Written for the Tippet Rise Art Center. Not to be reprinted without permission.
For much of his life, Gabriel Fauré enjoyed a workmanlike career as a church organist, choirmaster, and private music teacher, composing mostly on the side and during summer breaks. In 1871 he helped found the Société Nationale de Musique, which offered a forum for French composers to share their new works, often in a salon setting. Compared to his older Société colleagues such as Saint-Saëns and Franck, Fauré was seen as working at the cutting edge of modern music, and his work appealed mostly to a select circle of artists and aesthetes. In 1877 he was appointed choirmaster at Paris’s Madeleine Church, and became chief organist there in 1896. In 1905 he became director of the Paris Conservatory—the very pinnacle of the French musical establishment—and his late compositions were widely performed and warmly esteemed. His expressively intuitive and decidedly non-academic voice influenced the next generation of French composers, including Claude Debussy and Maurice Ravel, whom he encouraged from his perch at the Conservatory.
The Music
Fauré’s first piano quartet, however, comes from the time before he was much of a public figure.
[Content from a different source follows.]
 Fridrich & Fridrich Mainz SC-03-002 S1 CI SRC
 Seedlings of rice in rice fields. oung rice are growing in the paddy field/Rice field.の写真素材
It was written between 1876–79 and premiered the following year at the Société Nationale, with a new finale added in an 1883 revision (the original finale was lost or destroyed). Today’s audience might wonder what made this lyrical, dreamy music sound so different and new at the time. It might also be something of a breakup song, as the piece was written during Fauré’s engagement to—and then sudden un-engagement from—Marianne Viardot (the daughter of Pauline Viardot, a composer, mezzo-soprano, and salon host in Fauré’s circle). The mournful Adagio might be a reflection on their brief relationship.
All four movements are inventively scored, with the strings often working together on top of a constant piano tapestry. The clever Scherzo begins with pizzicato strings, a technique that became something of a second-movement tradition in the chamber music of Debussy and Ravel. The restless finale, Allegro molto, amalgamates opposites: angles and curves, liquids and solids, dark and light.